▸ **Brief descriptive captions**
════

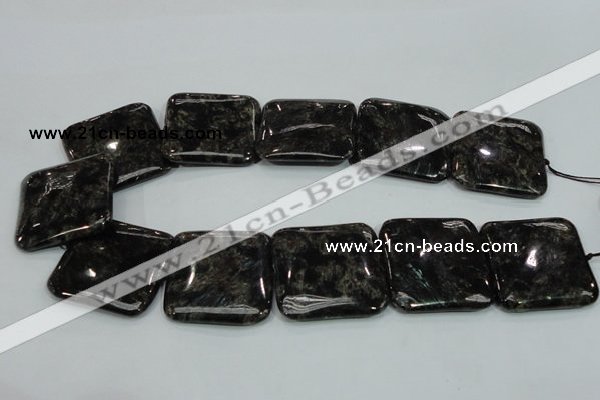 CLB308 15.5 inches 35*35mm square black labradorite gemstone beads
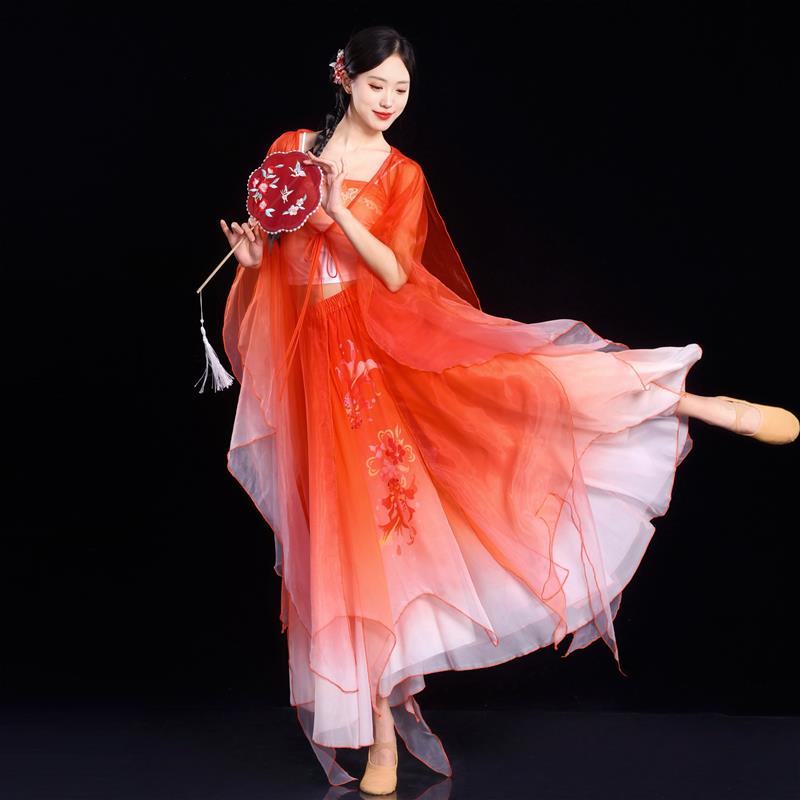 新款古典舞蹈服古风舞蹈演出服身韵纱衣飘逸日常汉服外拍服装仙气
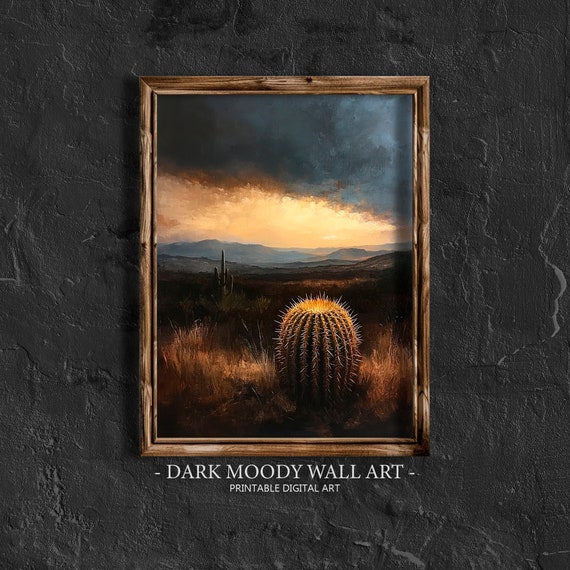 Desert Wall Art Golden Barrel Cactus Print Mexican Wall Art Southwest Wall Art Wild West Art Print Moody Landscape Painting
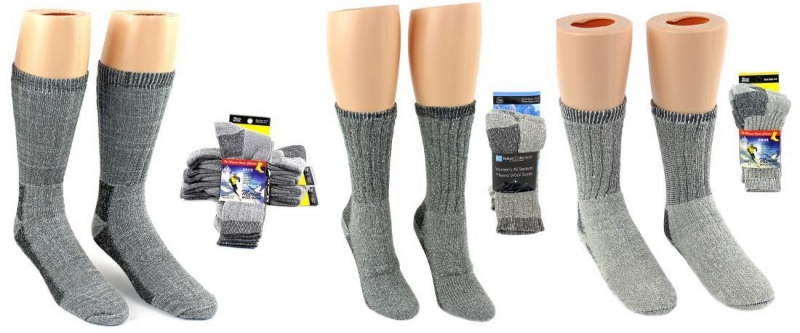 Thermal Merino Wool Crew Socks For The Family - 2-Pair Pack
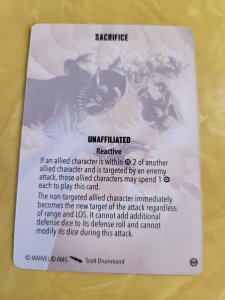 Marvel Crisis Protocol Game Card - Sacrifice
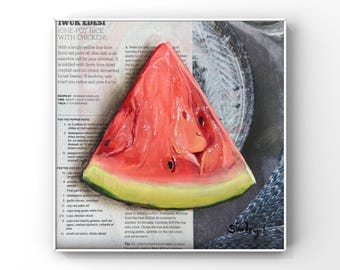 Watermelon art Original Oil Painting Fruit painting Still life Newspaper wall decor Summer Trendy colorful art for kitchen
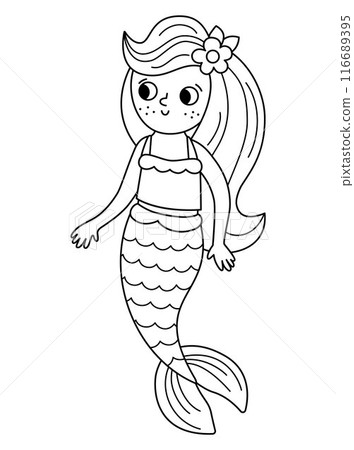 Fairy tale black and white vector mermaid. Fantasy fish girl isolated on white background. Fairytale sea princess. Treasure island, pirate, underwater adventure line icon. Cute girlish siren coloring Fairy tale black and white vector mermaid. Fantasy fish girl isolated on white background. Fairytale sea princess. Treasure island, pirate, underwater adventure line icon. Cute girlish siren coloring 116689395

════

▸ **TASK REQUIREMENTS**
Exactly as they appear, repeat the lines from the one containing "Desert Wall Art" through the last line of the entries, counting both ends. Pictures stay out.

▸ **WRITTEN RESPONSE**
 Desert Wall Art Golden Barrel Cactus Print Mexican Wall Art Southwest Wall Art Wild West Art Print Moody Landscape Painting
 Thermal Merino Wool Crew Socks For The Family - 2-Pair Pack
 Marvel Crisis Protocol Game Card - Sacrifice
 Watermelon art Original Oil Painting Fruit painting Still life Newspaper wall decor Summer Trendy colorful art for kitchen
 Fairy tale black and white vector mermaid. Fantasy fish girl isolated on white background. Fairytale sea princess. Treasure island, pirate, underwater adventure line icon. Cute girlish siren coloring Fairy tale black and white vector mermaid. Fantasy fish girl isolated on white background. Fairytale sea princess. Treasure island, pirate, underwater adventure line icon. Cute girlish siren coloring 116689395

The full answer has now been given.